Il deve accontentarsi ancora una volta della piazza d'onore, utile a far brillare ancor più la luce di Lewis Hamilton. In Messico è andato in scena il finale di un copione già scritto da qualche settimana: Mercedes campione e Ferrari che rinvia nuovamente i sogni di gloria. Almeno per un altro anno, prolungando un lungo digiuno che dura dal 2007. Una stagione che, sulla falsariga di quella precedente, lascia l'amaro in bocca per quello che poteva essere e che non è stato. Da un lato perché Sebastian Vettel è stato a lungo in testa al Mondiale nella prima parte del 2018, dall'altro perché la SF71H ha dato l'impressione di poter essere superiore – come pacchetto macchina – alle Frecce d'Argento. Proprio per questo motivo 'stona' il trionfo di Hamilton, che ha chiuso i giochi a tre appuntamenti dalla fine del campionato, scenario difficilmente ipotizzabile in estate, ribadendo la superiorità sul tedesco, surclassato nella seconda parte di stagione, in un'annata in cui il britannico è stato semplicemente perfetto.

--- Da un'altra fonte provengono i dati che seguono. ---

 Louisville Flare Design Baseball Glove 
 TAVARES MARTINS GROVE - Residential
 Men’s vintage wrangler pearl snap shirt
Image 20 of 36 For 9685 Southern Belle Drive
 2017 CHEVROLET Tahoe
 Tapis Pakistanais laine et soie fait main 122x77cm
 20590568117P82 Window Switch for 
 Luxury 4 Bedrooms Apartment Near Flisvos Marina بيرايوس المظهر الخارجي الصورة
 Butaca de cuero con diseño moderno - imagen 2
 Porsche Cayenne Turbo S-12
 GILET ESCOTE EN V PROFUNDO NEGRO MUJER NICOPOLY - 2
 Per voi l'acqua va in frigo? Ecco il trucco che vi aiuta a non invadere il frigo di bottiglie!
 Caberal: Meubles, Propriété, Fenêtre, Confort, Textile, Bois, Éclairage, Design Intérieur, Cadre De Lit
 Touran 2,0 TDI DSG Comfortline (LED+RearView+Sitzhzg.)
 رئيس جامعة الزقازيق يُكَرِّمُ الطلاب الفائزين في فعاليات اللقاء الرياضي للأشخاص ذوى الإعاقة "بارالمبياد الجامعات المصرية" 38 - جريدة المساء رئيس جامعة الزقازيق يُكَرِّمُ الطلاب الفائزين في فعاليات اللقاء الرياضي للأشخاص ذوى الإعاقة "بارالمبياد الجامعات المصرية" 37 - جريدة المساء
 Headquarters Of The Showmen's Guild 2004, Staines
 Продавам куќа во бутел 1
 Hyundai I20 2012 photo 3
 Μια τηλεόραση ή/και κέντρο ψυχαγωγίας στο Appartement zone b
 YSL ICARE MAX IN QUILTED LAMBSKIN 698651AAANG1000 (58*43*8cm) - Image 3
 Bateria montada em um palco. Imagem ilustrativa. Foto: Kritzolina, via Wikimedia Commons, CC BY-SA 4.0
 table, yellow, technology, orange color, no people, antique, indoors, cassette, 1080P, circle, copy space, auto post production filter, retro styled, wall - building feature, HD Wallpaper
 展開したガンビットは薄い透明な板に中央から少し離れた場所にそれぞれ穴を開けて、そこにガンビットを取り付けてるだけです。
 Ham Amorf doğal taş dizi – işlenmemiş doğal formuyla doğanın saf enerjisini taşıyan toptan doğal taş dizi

Nel confronto diretto tra i due l'ex pilota della Red Bull è uscito con le ossa rotte. Vettel ha commesso una serie di errori nell'arco di tutto il Mondiale che hanno scavato un solco diventato sempre più ampio Gran Premio dopo Gran Premio. Dall'Azerbaigian, quando nei giri finali ha rovinato le proprie gomme nel tentativo di superare Bottas, che si trovava in testa, finendo per perdere tre posizioni, fino alla Francia, per un tamponamento al via sempre con Bottas che lo ha costretto a una gara in rimonta, chiusa al quinto posto. Il vero turning point arriva però ad Hockenheim, nella gara di casa per Seb. Il ferrarista mentre era comodamente al comando è finito contro le barriere a causa della pista umida per la pioggia, consegnando a Hamilton la più pesante delle vittorie. Un macigno che Vettel si porterà dietro nelle gare successive e che non riuscirà più a scrollarsi. A Monza, dopo il trionfo illusorio di Spa, il tedesco subisce nel primo giro il sorpasso da parte di Hamilton alla variante della Roggia, tenta di resistere e finisce in testacoda, compromettendo la propria gara. A Singapore un errore di strategia dal box unito a una qualifica non perfetta complicano la corsa di Seb, mentre Hamilton si invola verso l'ennesima vittoria stagionale. Lo scenario si ripete anche in Russia, mentre in Giappone Vettel è di nuovo protagonista di un contatto, sempre nelle prime battute, con la Red Bull di Verstappen. Ne esce un sesto posto, dietro anche a Kimi Raikkonen, che di fatto mette la parola fine sulle chance iridate della scuderia di Maranello. Il copione va in scena anche negli Usa, con Vettel che questa volta si gira nel primo giro per un contatto con Ricciardo, a conferma della crisi, tecnica e psicologica, del quattro volte campione del mondo.

Gli scarsi risultati ottenuti da settembre in poi (eccezion fatta per l'acuto di Kimi Raikkonen ad Austin e il doppio podio in Messico) pongono una serie di interrogativi anche all'interno degli uffici di Maranello. Il team principal Maurizio Arrivabene è finito sotto accusa, in particolare per la difficile gestione dell'addio di Raikkonen, annunciato dopo Monza, gara in cui il finlandese è scattato dalla pole position davanti al compagno di squadra, e per non aver saputo tenere la nave a galla nel momento di burrasca. Forse proprio la scomparsa del presidente Sergio Marchionne, personalità forte capace di tenere tutti in riga, coincisa con il crollo della 'rossa', ha finito con influire più di quanto si potesse immaginare sui risultati in pista della Ferrari. L'amarezza per aver mancato il bersaglio grosso non deve far dimenticare le note positive di questa stagione. La Ferrari infatti ha dimostrato di aver colmato il gap con Mercedes in pista. E l'anno prossimo con la novità Charles Leclerc, il ventenne predestinato autore di un'ottima prima stagione in Formula 1 con l'Alfa Sauber, partirà con due piloti pronti a lanciare la sfida a Hamilton. E provare a interrompere il digiuno.